The walk up to the lookout is lined with signs that display the numbers of crisis hotlines. When I ask Bella why, she explains that the cliffs have developed a reputation as a destination for suicides.
It’s a beautifully rugged place, The Gap. The two promontories, north and south, tower like stone guardians beside the entrance where the harbor meets the Tasman Sea. A breeze nips at patches of skin that clothes forgot to shield. In Sydney the water is always inky blue, but especially here, where waves that grasp at cliffs are pulled back into limitless pools. Behind, the buildings of Sydney are sprinkled like afterthoughts.
Bella and I stay for only twenty minutes, but it is enough for me to breathe in the immensity of the air and feel the press of surrender. I know that feeling: sometimes it is 2:30 a.m.—as it is now—and I lie sleepless in bed, conjuring fantasies in my mind to stave off the loneliness. This is my way of coping.

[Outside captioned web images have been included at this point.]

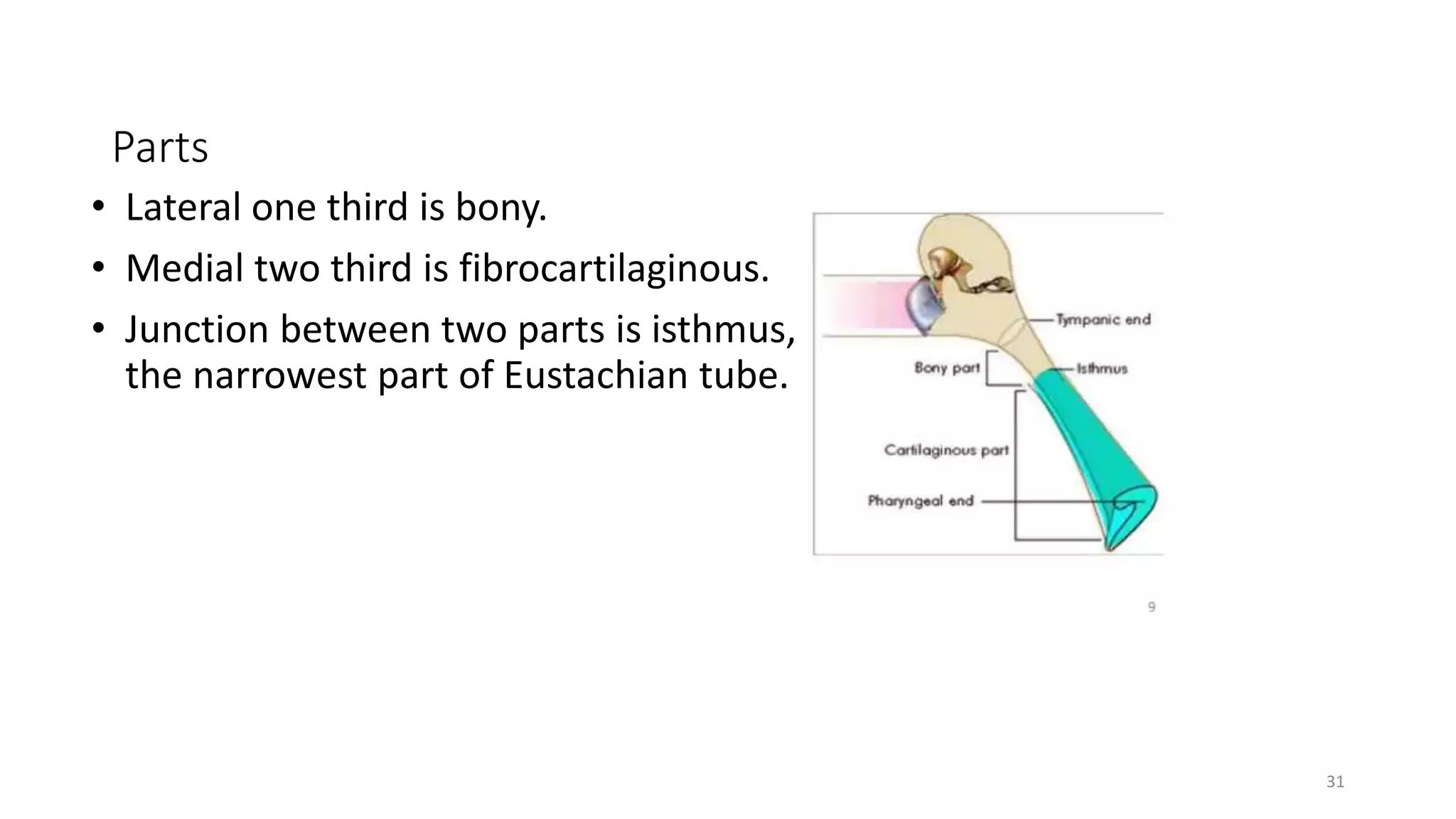 Anatomy of Nasopharynx and Eustachian Tube.pptx
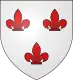 Coat of arms of Haacht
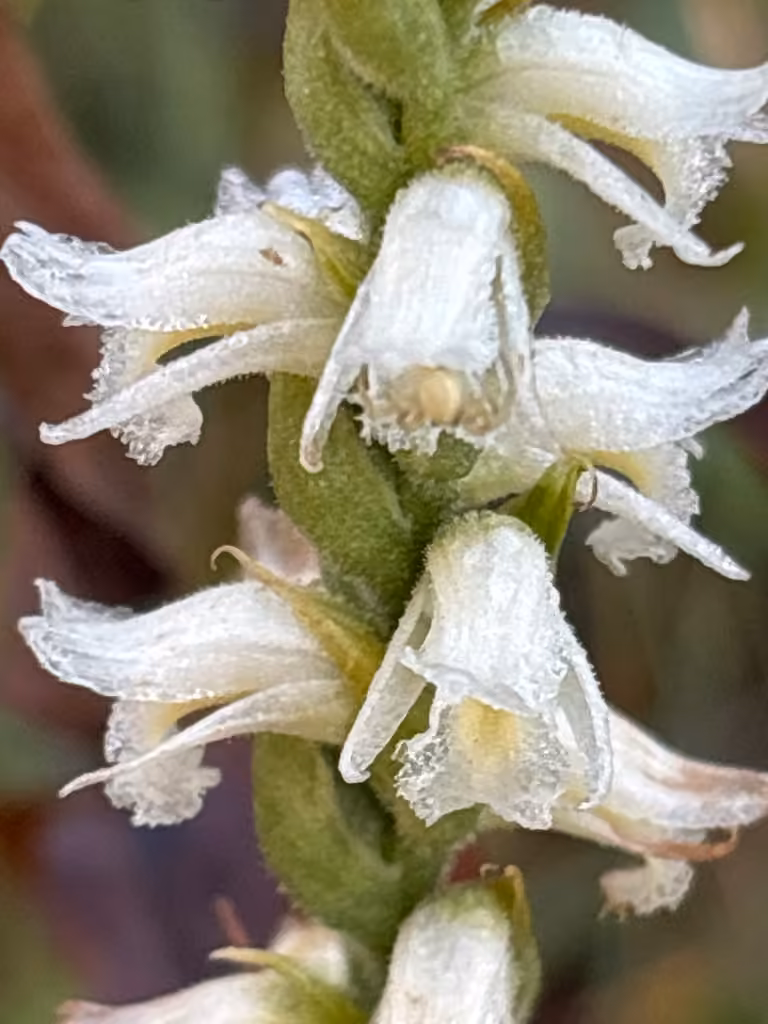 Yellow nodding lady's tresses, In flower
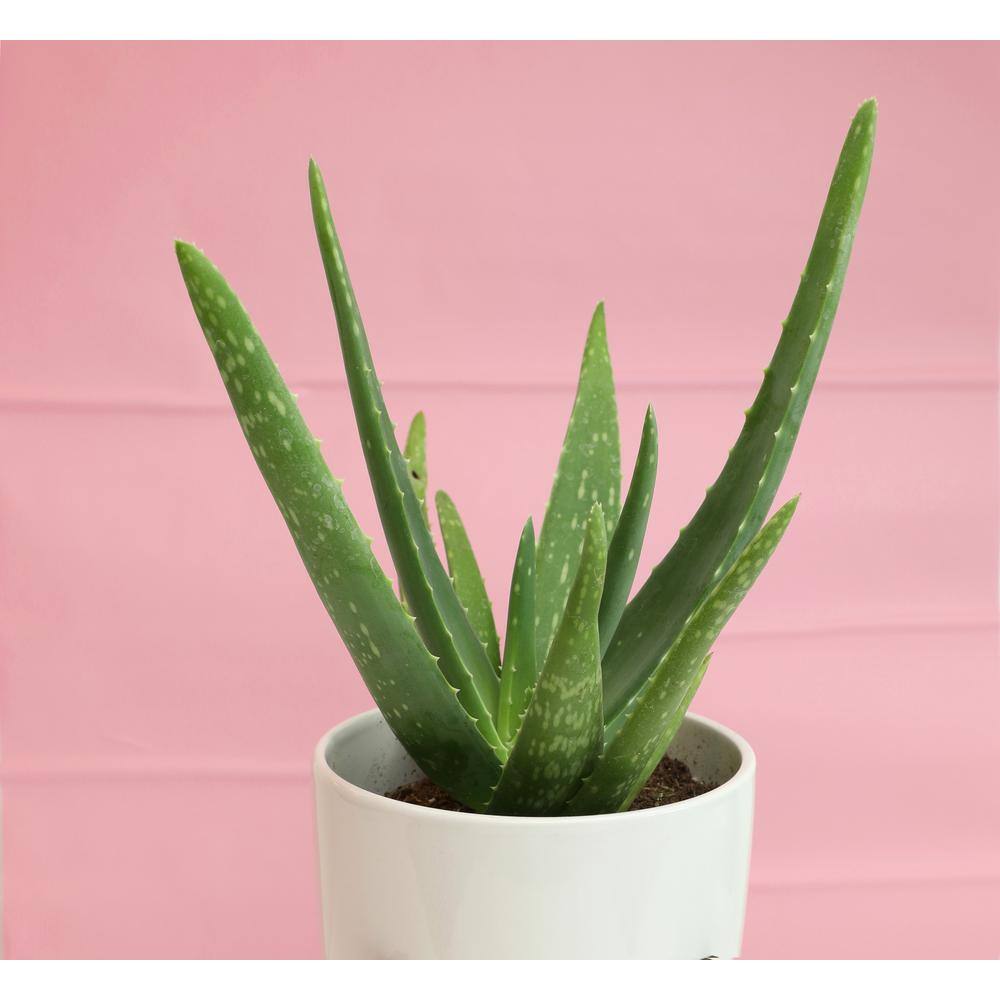 3.5 in. Aloe Vera Plant - Hercitys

We can never know the final thoughts of the departed, but we can pray that they are absent of pain and fear. I hope the ones we failed have moved on to a world that is more loving. If nothing else, I hope that, in the liberation of free-fall, for a moment they found peace.
The Gap in Watsons Bay sits on the eastern edge of Sydney and is a popular weekend destination. The lookout atop the cliff affords breathtaking views of the Tasman Sea and of the houses of Sydney scattered to the west. If you’d like to spend more time away from the city center, extend your visit to a full-day affair by visiting the Watsons Bay Wharf, Camp Cove, and the Hornby Lighthouse.